Frustrated and quite urgently having to urinate, our client then decided to urinate near the drain by the public outdoor shower.
No sooner had he finished urinating than he heard a voice behind him saying, “Excuse me, sir. Excuse me.” Our client then turned around to find a uniformed Hermosa Beach Police Officer standing behind him. The officer asked out surprised client for his driver’s license and explained he was being cited for public urination (actually, a violation of Penal Code § 372, public nuisance).
Our client protested that the public restrooms were all locked, so he had no choice. The officer asked him why he did not just go into one of the local bars or restaurants and our client explained that the lines were too long and he could not wait that long.
The officer then completed the ticket and asked our client to sign a “Promise to Appear” at the bottom of the yellow ticket. The promise our client agreed to was to appear in the Torrance Superior Court at 825 Maple Avenue in Torrance in about four months.
As the police officer handed back the client’s driver’s license, but before he could hand our client the ticket, our client then allegedly ran away. A second police officer nearby, however, immediately ran after our client and caught him before our client could run even twenty yards.

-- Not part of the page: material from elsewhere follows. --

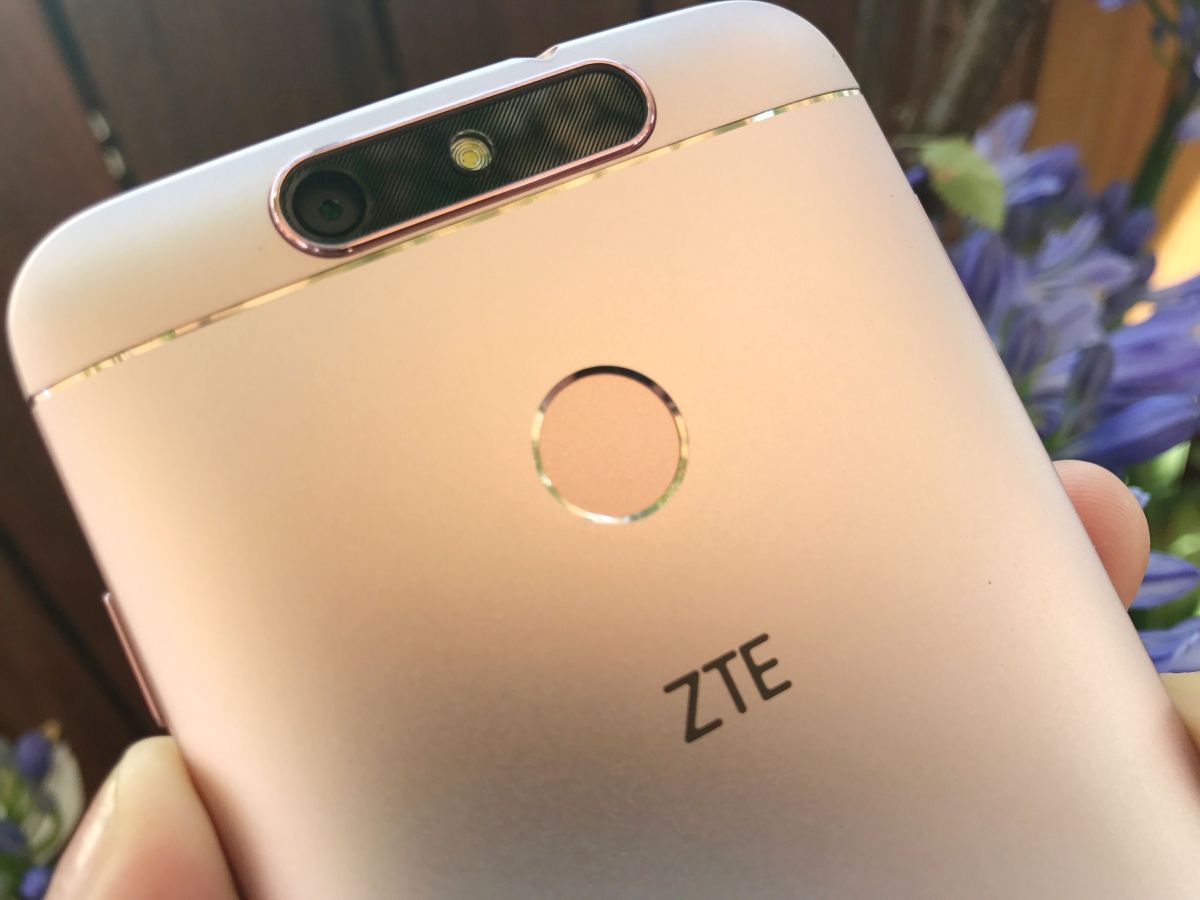 Сколько памяти в телефоне zte blade v8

Our client was then handed the ticket and the officers appeared to leave.
Our very frustrated client then took a video of himself showing each of the public restroom doors by the Hermosa Pier were locked.
The next day, the client called Greg Hill & Associates and told Greg his story about receiving the ticket and the locked public restroom doors. He then e-mailed Greg a link to the video, which he posted on YouTube to show his experience.

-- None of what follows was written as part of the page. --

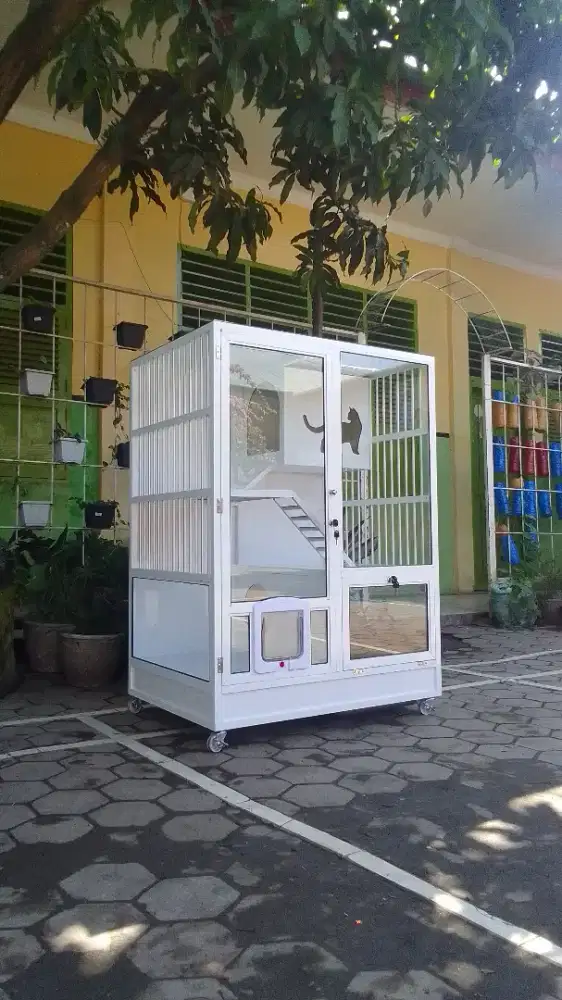 Kandang Kucing Mewah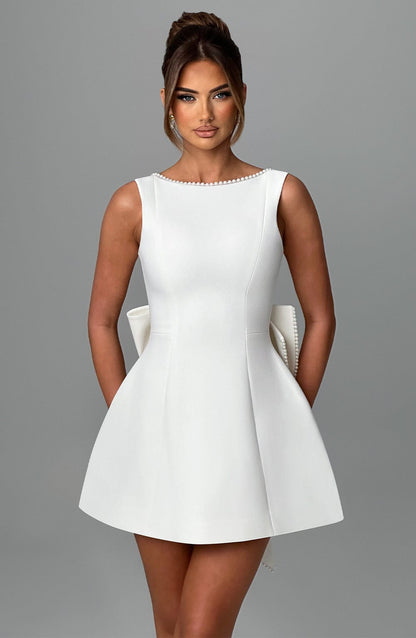 Hollis - Vestido Mini Elegante con Lazo de Perlas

Greg explained how such cases are generally handled in Torrance Superior Court, but commented that he hoped this case would be handled differently because the usual comment from the Redondo Beach City Prosecutor, handling such cases for Hermosa Beach, is “well, your client did not have to urinate in public. There are public restrooms available at the Hermosa Pier.”

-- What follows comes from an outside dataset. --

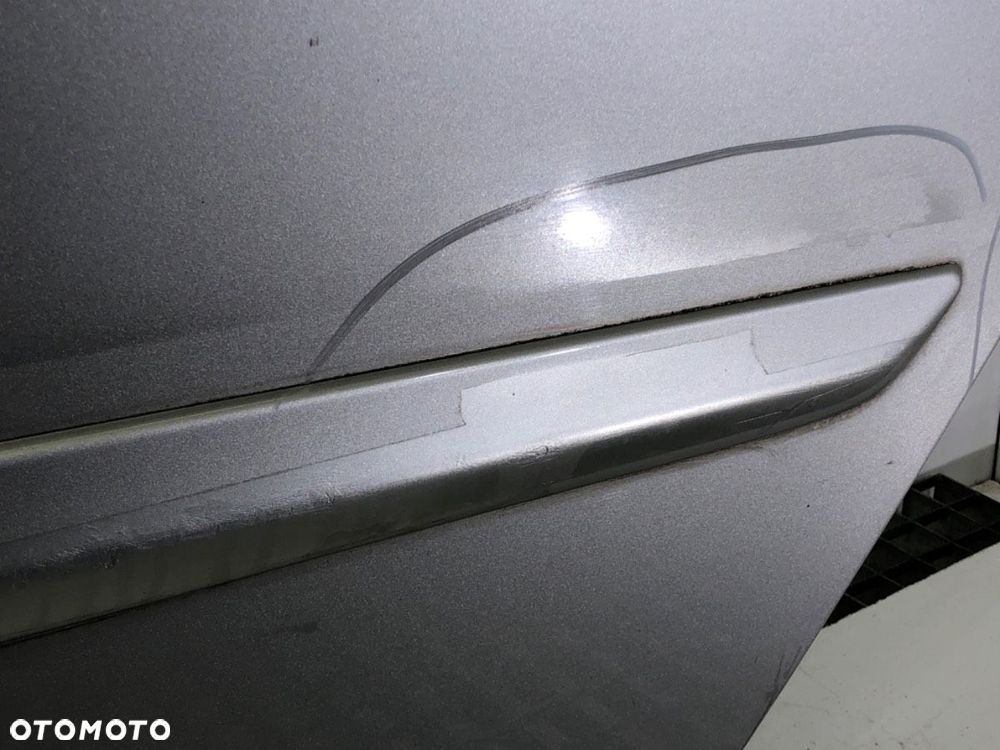 DRZWI LEWY TYŁ - 295.00 PLN - HONDA CITY V sedan (GM2, GM3) 2008 - 2022 1.4 i-V TEC 73 kW [99 KM] - 3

Greg received the video and forwarded it to the head Redondo Beach City Prosecutor, identifying our client and his ticket number and asking that no case be filed because our client tried doing exactly what the Redondo Beach City Prosecutor recommends in each case to avoid such a charge.
The Redondo Beach City Prosecutor did not respond to the email from Greg and the day for the arraignment then arrived. Greg appeared on behalf of the client in the Torrance Superior Court and got the client’s case file, which had the “standard” offer to all people charged with violating Penal Code § 372: defendant could “earn an infraction” by making a $550 “donation” to the City of Hermosa Beach Nuisance Abatement Fund and pay a $10 court fine, plus penalties and assessments, to the Los Angeles Superior Court or perform 77 hours of community service.
Greg then showed the Redondo Beach City Prosecutor his e-mail to the head Redondo Beach City Prosecutor and asked for a better offer, explaining the situation did not exactly meet the legal definition of entrapment and likewise did not exactly fit the definition of necessity or duress, but the locked public restroom situation was certainly mitigating of our client’s conduct.
The prosecutor countered that it indeed was, but the offense took place at just 10:15 p.m., well before the bars become crowded, and our client tried to run away.
Greg then asked the judge to impose judicial diversion on our client so our client could “earn a dismissal” and have the arrest report and court file sealed under Penal Code § 1001.95. The judge then asked the prosecutor what terms she thought were fair and she said a $350 fine or 30 hours of community service, which the judge then imposed.
Greg returned to the office and explained the terms of judicial diversion to our client, who was extremely happy with the outcome, saying he was thankful Greg fought for him.